Allegra Hyde's debut story collection, Of This New World, offers a menagerie of utopias: real, imagined, and lost. Starting with the Garden of Eden and ending in a Mars colony, the stories wrestle with conflicts of idealism and practicality, communal ambition and individual kink. Stories jump between genres--from historical fiction to science fiction, realism to fabulism--but all ask those fundamental human questions: What do we do when we lose our utopia? What will we do to get it back? Over the course of twelve stories, Hyde writes with a mix of lyricism, humor, and masterful detail. A group of environmental missionaries seeks to start an ideal eco-society on an island in the Bahamas, only to unwittingly tyrannize the local inhabitants and disrupt the social ecosystem. The neglected daughter of a floundering hippie commune must adjust to conventional life with her ungroovy grandmother. A wounded veteran gets lost in erotic fantasies of his twin brother's life. Haunted by her years at a collegiate idyll, a young woman eulogizes a friendship. After indenturing his only son to the Shakers, an antebellum vegan turns to Louisa May Alcott's famous family for help. And in the final story, a down-and-out drug addict gets a second chance at life in a government-sponsored space population program, only to be flummoxed by erectile dysfunction. An unmissable debut, the collection charts the worlds born in our dreams and bred in hope -- Publisher's blurb.

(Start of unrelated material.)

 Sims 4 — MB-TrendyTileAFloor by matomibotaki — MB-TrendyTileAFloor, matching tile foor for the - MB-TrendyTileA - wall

Book of the Week (11/2/2020)

Bluegrass Ambassadors: The McLain Family Band in Appalachia and the World by Paul O. Jenkins (Morgantown, WV: West Virginia University Press, 2020).

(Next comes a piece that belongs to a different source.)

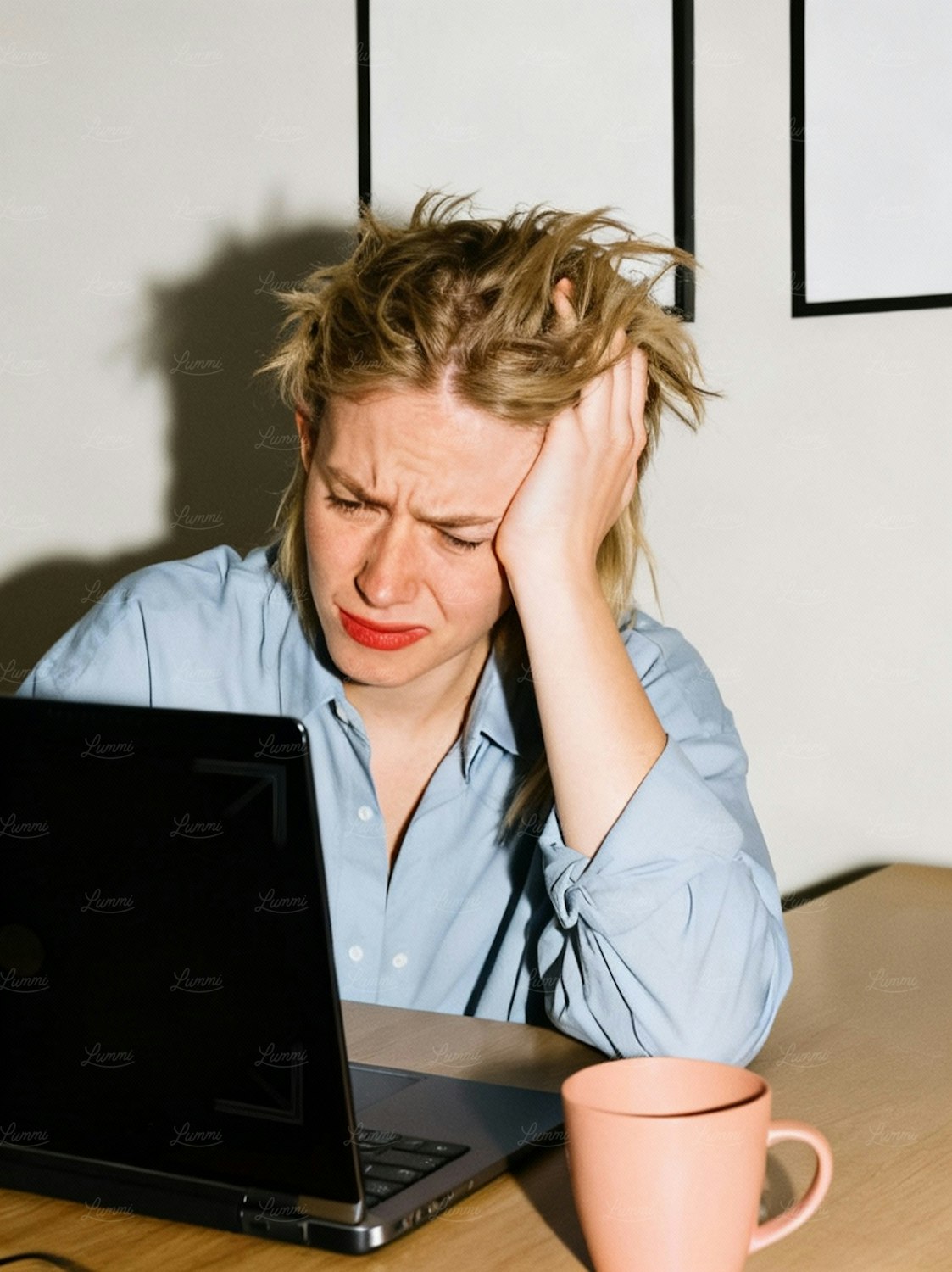 A person looks overwhelmed while searching for anxiety coping skills online, surrounded by confusing or conflicting information.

Paul O. Jenkins is the university librarian at Franklin Pierce University and has written numerous articles on old-time and bluegrass music. His previous books include, "Richard Dyer-Bennet: The Last Minstrel" and "Teaching the Beatles".

"Bluegrass Ambassadors is the first book-length study of the McLain Family Band, which has spread the gospel of bluegrass for more than fifty years. Rooted in bluegrass but also collaborating with classical composers and performing folk, jazz, gospel, and even marches, the band traveled to sixty-two foreign countries in the 1970s under the auspices of the State Department. The band’s verve and joyful approach to its art perfectly suited its ambassadorial role. After retiring as full-time performers, most members of the group became educators, with patriarch Raymond K. McLain’s work at Berea College playing a particularly important role in bringing bluegrass to the higher education curriculum.

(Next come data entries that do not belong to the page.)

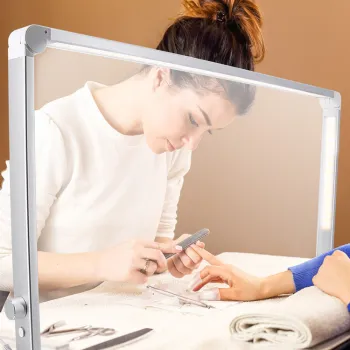 Silver Color Upgraded Nail Technician Desk Light - Folding Table Lamp for Lash and Nail Techs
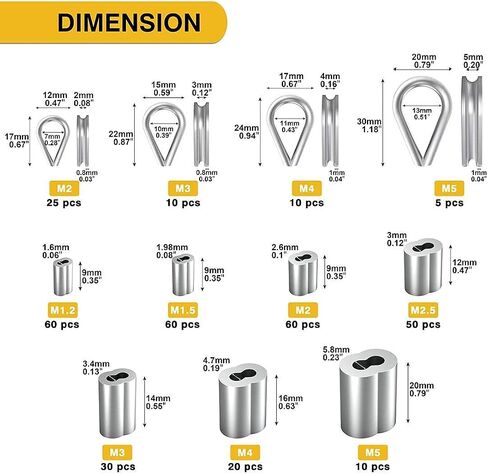 Sanuke 340 قطعة حبل سلك فولاذي مقاوم للصدأ كشتبانات ألومنيوم مجعد حلقة كم 3/64 بوصة 1/16 بوصة 5/64 بوصة 3/32 بوصة 3/16 بوصة لحبل الأسلاك الكشتبانات تزوير in Saudi Arabia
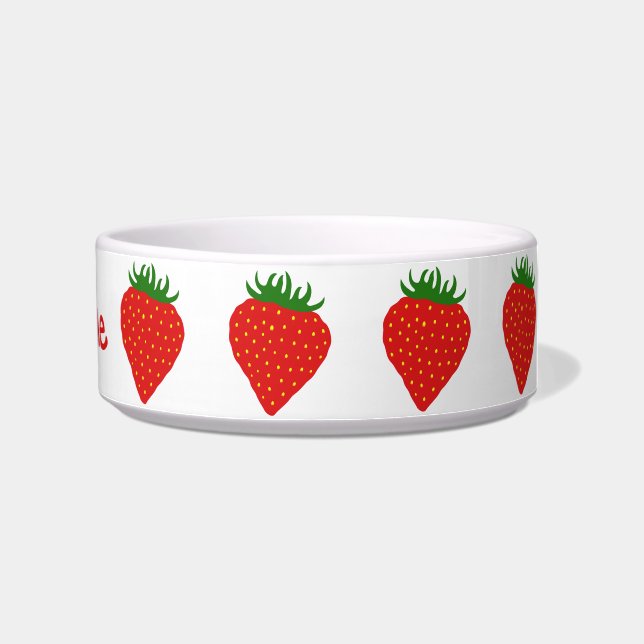 Simply Strawberry custom pet bowl (Right)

Interpreting the band’s diverse repertoire as both a source of its popularity and a reason for its exclusion from the bluegrass pantheon, Paul Jenkins advances subtle arguments about genre, criticism, and audience. Bluegrass Ambassadors analyzes the McLains’ compositions, recordings, and performances, and features a complete discography."-- Publisher's blurb


Book of the Week (10/26/2020)

Marked: The Witchcraft Persecution of Goodwife Unise Cole 1656-1680 by Cheryl Lassiter (CreateSpace, 2015).

“It must be so, it shall be so, do what you will.” So muttered Goodwife Unise Cole to her neighbor Abraham Drake as he pondered his mysteriously deceased livestock. The deaths were blamed on her familiarity with the Devil, one of many similiar accusations lodged against her– she bewitched crops; shape-shifted into a dog, a cat, an eagle; had conversations with the Devil; enticed young children; and moved at supernatural speed. Worse, she was blamed for the deaths of a man as he lay helpless in his bed and a child who had been diabolically transformed into an ‘ape.’ Unise Cole’s childlessness, low social status, and tempestuous spirit marked her for persecution as a witch in the puritan town of Hampton, where she endured three decades of accusations, whippings, court trials, and imprisonment, all in an attempt to banish her from the town. In her third non-fiction book about the people and events in the small seacoast town of Hampton, New Hampshire, Cheryl Lassiter shares her passion for detailed historical research to tell the definitive, true story of the woman known as The Witch of Hampton. --Publisher's blurb.